安賀多は、少し恥ずかしそうに顔を俯かせている玲子に、極力落ち着いた声音で話しかけた。
「それが事実であれ、もしなにかあったらご連絡いただけたら」
「ありがとうございます」
「怖くて眠れないなんて、おつらいでしょう」
「はい……あの、ではこっちの連絡先でもいいですか?」
そう言って、玲子がスマートフォンを出して示したのは、最近世間にだいぶ浸透しているコミュニケーションツールとなったアプリケーションであった。テキストでメッセージを送ったり、スタンプ、音声通話、ビデオ通話ができる。さらに、グループでコミュニケーションもとれる優れものである。
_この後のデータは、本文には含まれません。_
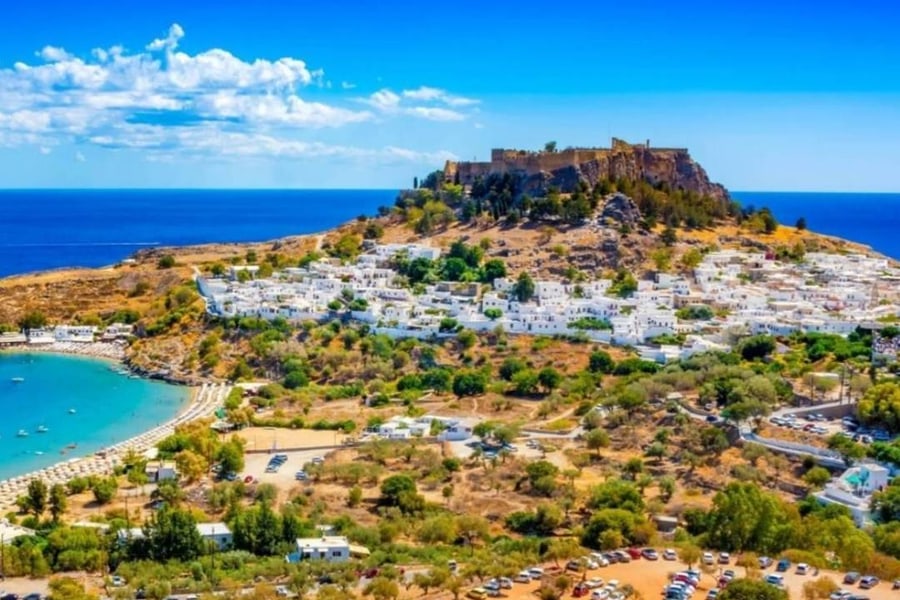 Rhodes transfer: a rocky hill crowned by a stone fortress rises above a village of white houses, with a turquoise bay and sandy beach on the left, green trees below and a deep blue sea behind.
安賀多は自分のスマートフォンを取り出して、快諾した。
「良かったわね、玲子さん」
優梨愛はニコニコしながらそう言って、紅茶をすすった。その横で、すでに自分の分のフィナンシェを食べつくした真琴は、妙に大人な笑顔を見せている安賀多の分のフィナンシェをこれみよがしに口に入れた。
そんなことを意に介する様子もなく、安賀多は「僕でよければ」と微笑んだ。